The classic aerial shot of the island showing the active lighthouse (bottom right) and the decommissioned one (top left), along with the hermitage (on the larger peak) and the monastery (on the lower peak).
Skellig Michael (Sceilig Mhichíl) is one of the jewels of Ireland's landscape and heritage. Seen here from a helicopter, the Small Skellig and Lemon Rock are also visible. Puffin Island, Valentia and Portmagee are all visible in the distance.
A double-pyramid of rock soaring up from the surface of the Atlantic, it houses two lighthouses (one decommissioned), a 6th century monastery and a hermitage from the same era.
This view of Skellig from an aircraft overhead reveals the entire island like a map. The eastern side is on the left. The boat landing can be made out as a pale area just above the eastern point, and you can follow the whole path from there to the monastery on the left peak.
Photographed just after sunrise, this view from the western end of Skellig Michael shows the two lighthouses very effectively. As shafts of sunlight penetrate the clouds and light up the sea, the abandoned northern lighthouse sits high on its ridge in the centre of the frame. The still-operational southern light is very visible with its white painted walls.

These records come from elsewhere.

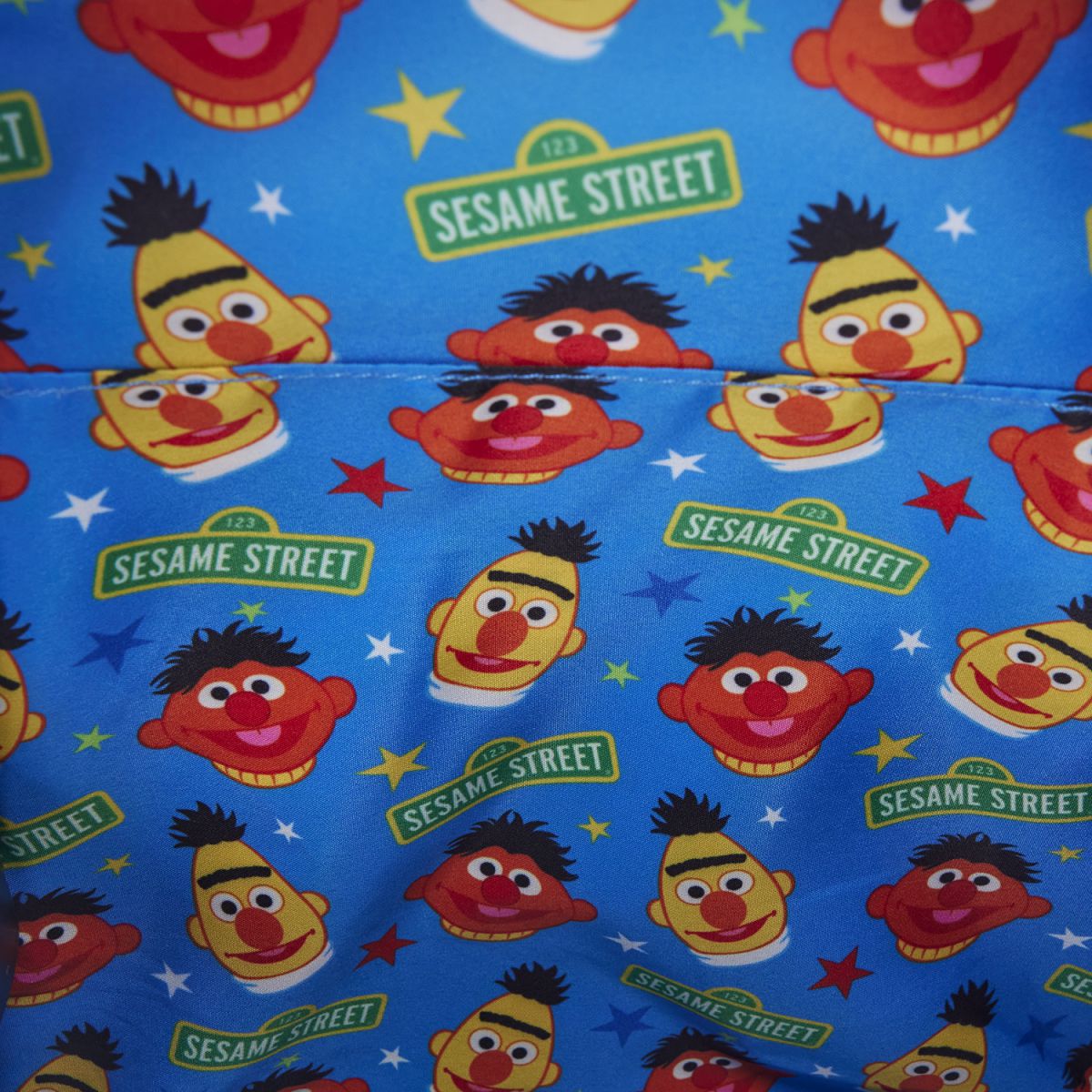 Sesame Street Exclusive Bert & Ernie Mini Backpack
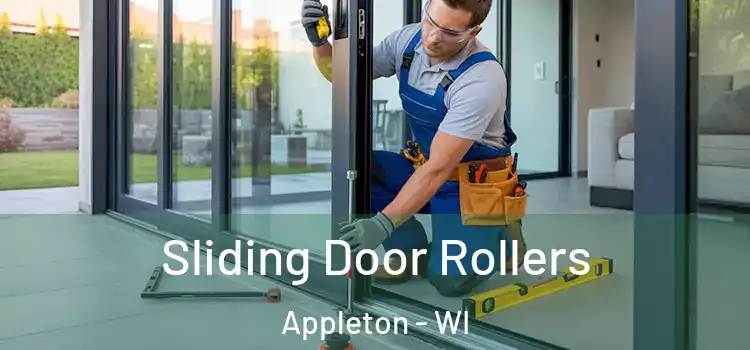  Sliding Door Rollers Appleton - WI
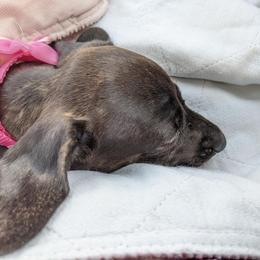 Dachshund Puppies from Army of Dachshunds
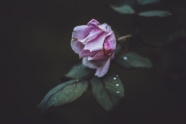 枯萎的粉色玫瑰花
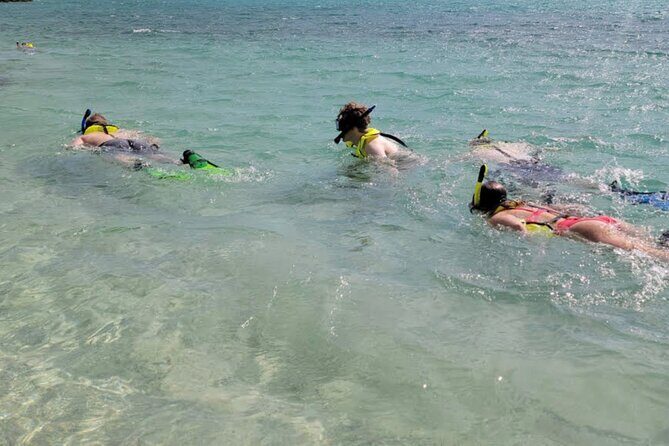 Cristal Speed boat, Snorkeling, Beach Tour & Lunch St Maarten - The Experience: A Deep Dive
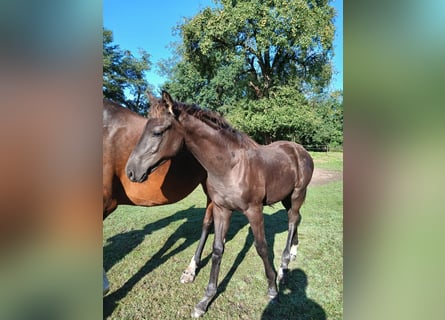 KWPN, Stallion, Foal (04/2025), Black
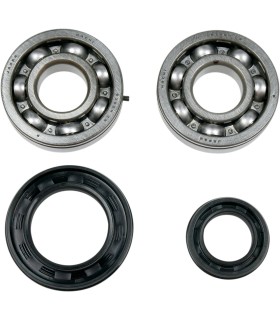 MSE CRNK BRG/SEALS YFZ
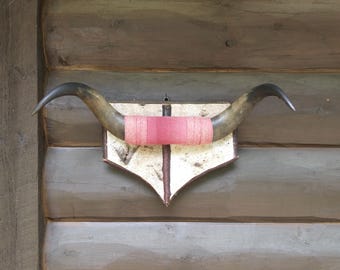 Vintage Steer Horns Mounted onto Wooden Plaque, Adirondack Birch Bark Twig Western Decor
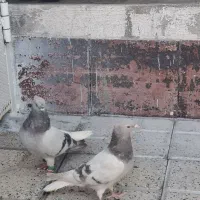 جفت کفتر سوسنی و سبز دم سفید دوکاکل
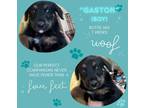 Adopt Mr Gaston a Black - with Brown, Red, Golden, Orange or Chestnut Doberman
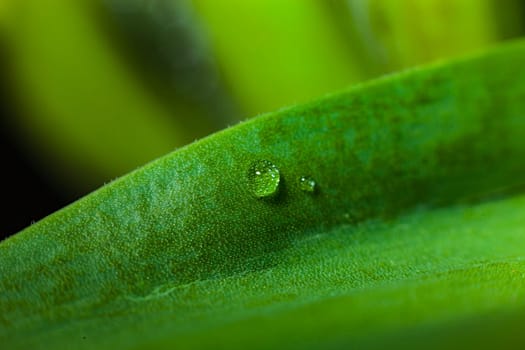 Drop water green leaf grass background light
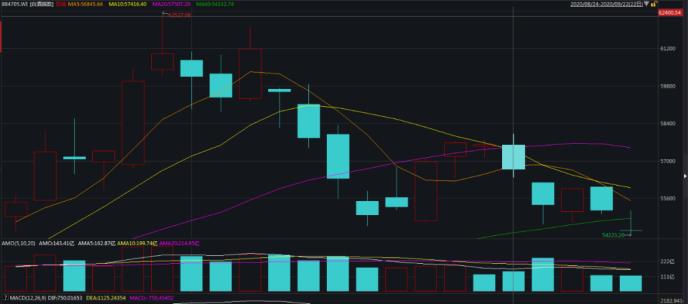 中紀委發文！白酒股“瑟瑟發抖” 機構：持續堅定推薦白酒板塊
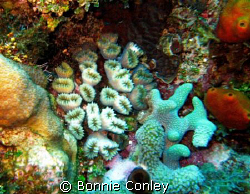 Flower corals seen at Grand Cayman August 2006.  Photo ta... by Bonnie Conley 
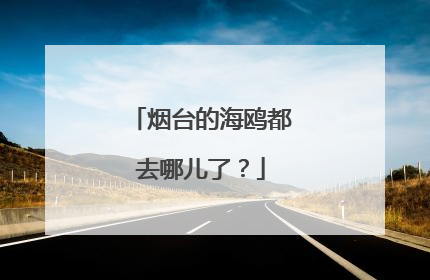 烟台的海鸥都去哪儿了？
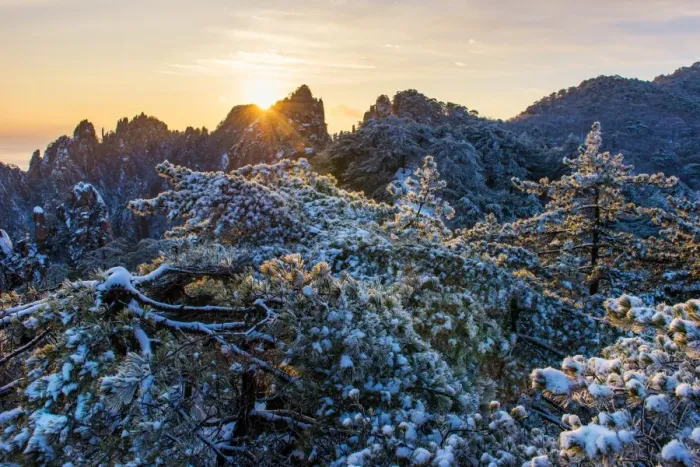 Framed Print : Huangshan Mountain in winter season Framed Print : Huangshan Mountain in winter season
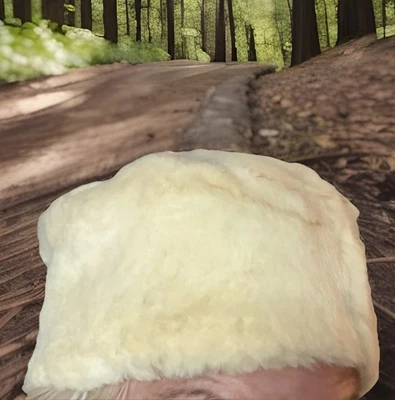 Sombrero cosaco vintage de piel de cordero Betmar genuino Mouton años 40-50 Foto 1 de 4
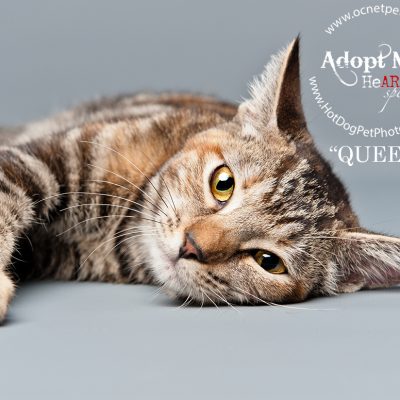 Beautiful Shelter Cats Available for Adoption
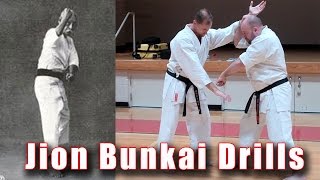 Practical Kata Bunkai Jion Bunkai and Drills [upl. by Ys990]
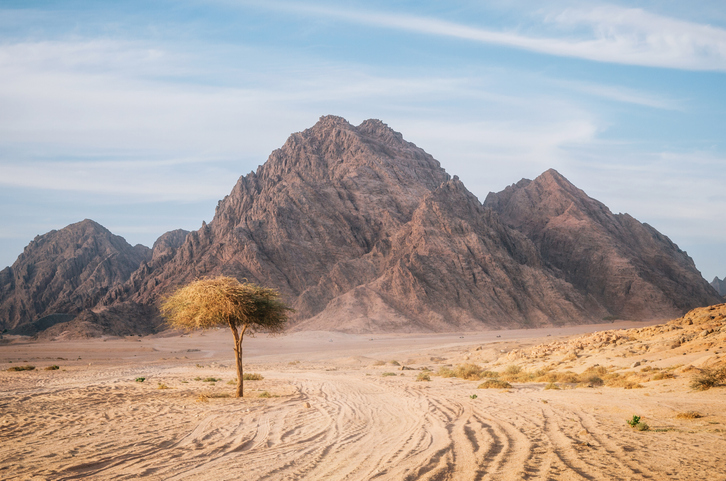 Why did the Lord speak to Moses in the desert?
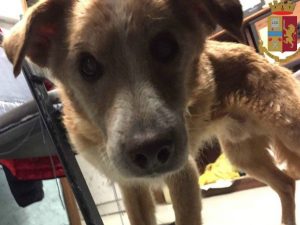 Il cane salvato dalla Polizia in piazza Michele Da Carbonara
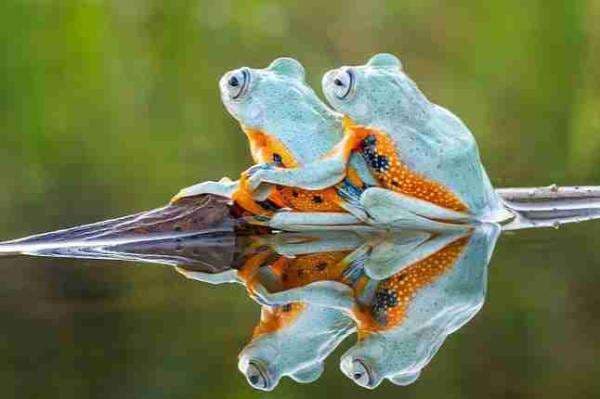 Malam Jumat, Coba Posisi Leapfrog Sex yang Menyenangkan!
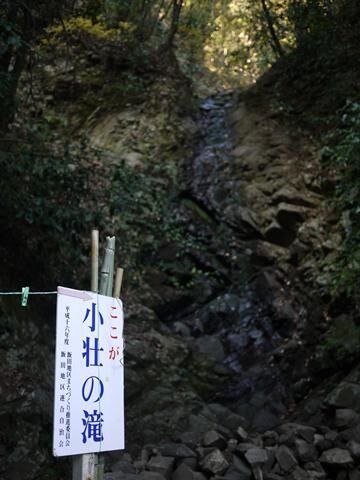 P1100174-007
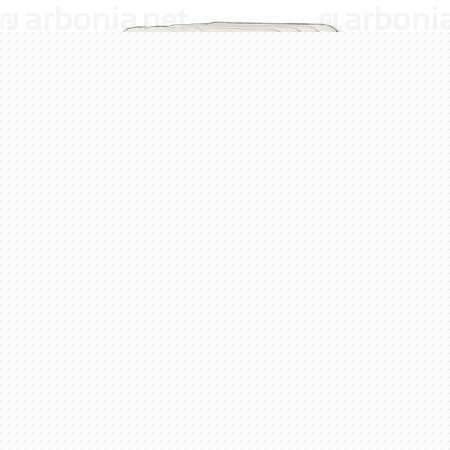 Радиатор Arbonia 5150/03 N69 твв RAL 9016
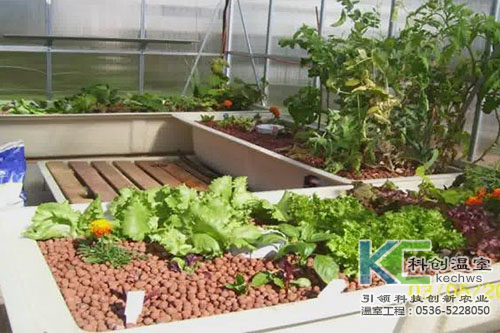 無(wú)土栽培，無(wú)土栽培技術(shù)，無(wú)土栽培設(shè)備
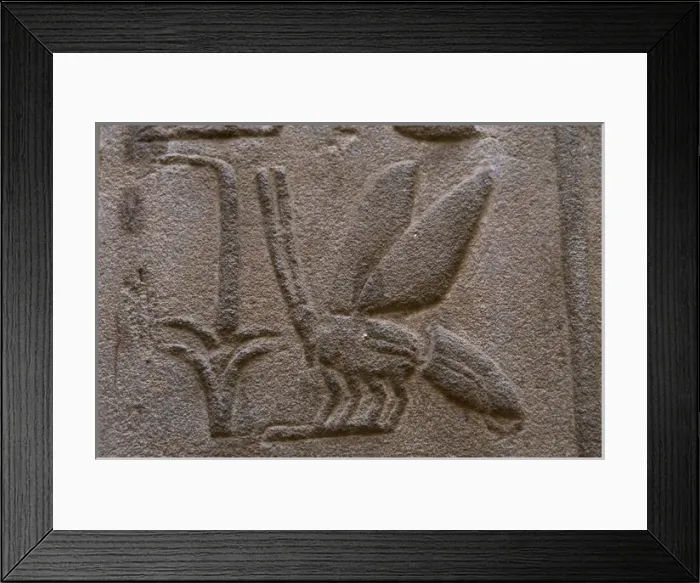 Framed Print : Hieroglyphic writing Framed Print : Hieroglyphic writing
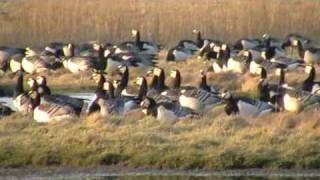 Bernache nonnette (Branta leucopsis)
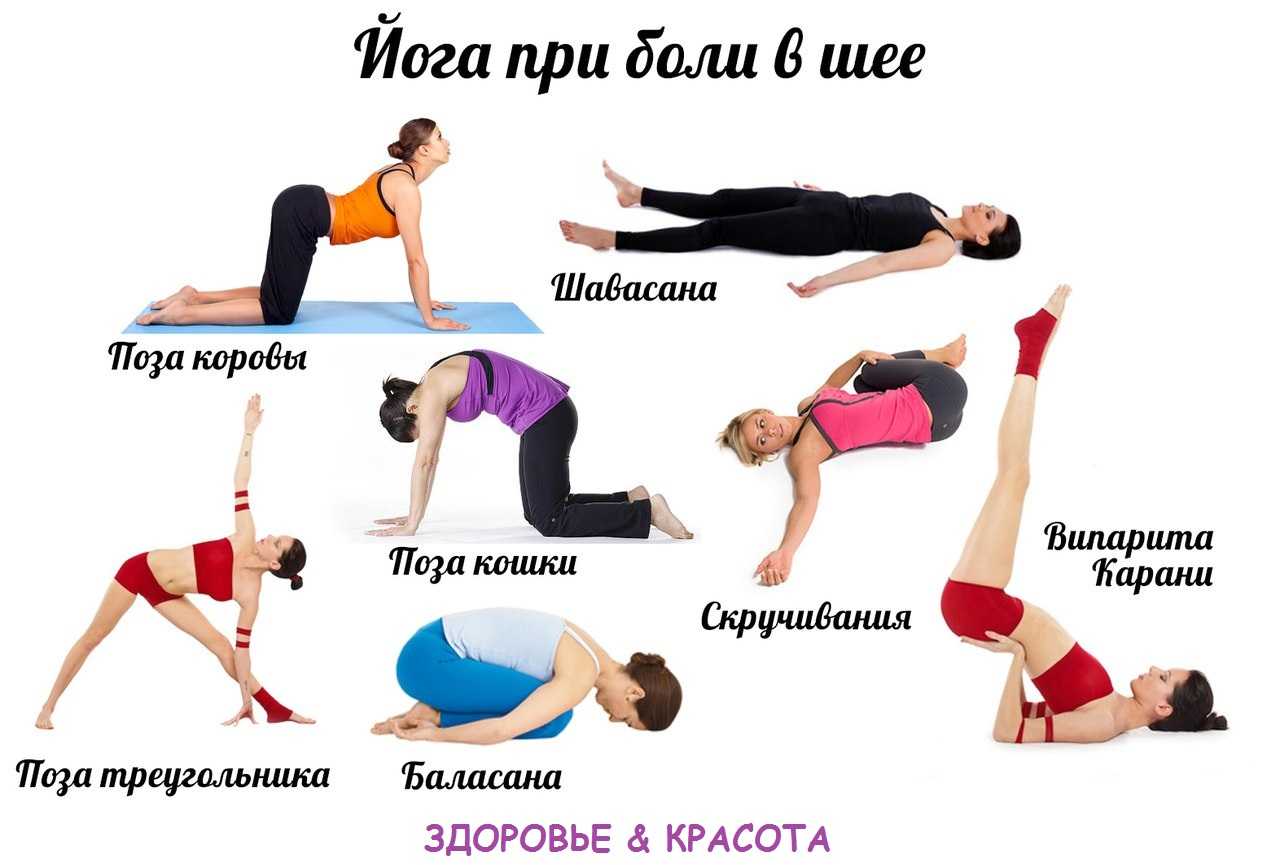 Виды йоги, их отличия и особенности: что выбрать начинающему | yogamaniya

A rarely seen angle on Skellig Michael, looking from the northeast. The monastery is just behind the ridge of the leftmost peak, while the lone hermitage clings to the slopes just under the summit of the right peak.
The Small Skellig is not often photographed other than from Skellig Michael. However, it's a worthy subject in its own right. Home to thousands of pairs of gannets, it looks dusted in snow as the sun sets behind it.
Rarely seen, the hermitage clings to the narrow South Peak of Skellig Michael with a 700 foot drop on either side. The main monastery can be seen on the North Peak in the middle distance, and the Small Skellig and the Kerry coast lie beyond.